Your instructions: Which lines below fall between the one containing "1990 Marvel Universe" and the one containing "Φωτογραφία προϊόντος: Peach"? Repeat them exactly, counting both of those lines, and add nothing else.

━━━ Records for the exercise

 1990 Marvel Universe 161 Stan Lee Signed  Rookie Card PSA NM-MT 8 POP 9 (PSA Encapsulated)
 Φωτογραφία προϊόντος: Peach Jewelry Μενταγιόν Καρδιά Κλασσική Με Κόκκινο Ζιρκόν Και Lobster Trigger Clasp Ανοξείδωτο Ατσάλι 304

━━━━━━
━━━ Records for the exercise

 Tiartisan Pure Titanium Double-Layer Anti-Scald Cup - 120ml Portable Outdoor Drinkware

━━━━━━

Solution to this problem:
 1990 Marvel Universe 161 Stan Lee Signed  Rookie Card PSA NM-MT 8 POP 9 (PSA Encapsulated)
 Φωτογραφία προϊόντος: Peach Jewelry Μενταγιόν Καρδιά Κλασσική Με Κόκκινο Ζιρκόν Και Lobster Trigger Clasp Ανοξείδωτο Ατσάλι 304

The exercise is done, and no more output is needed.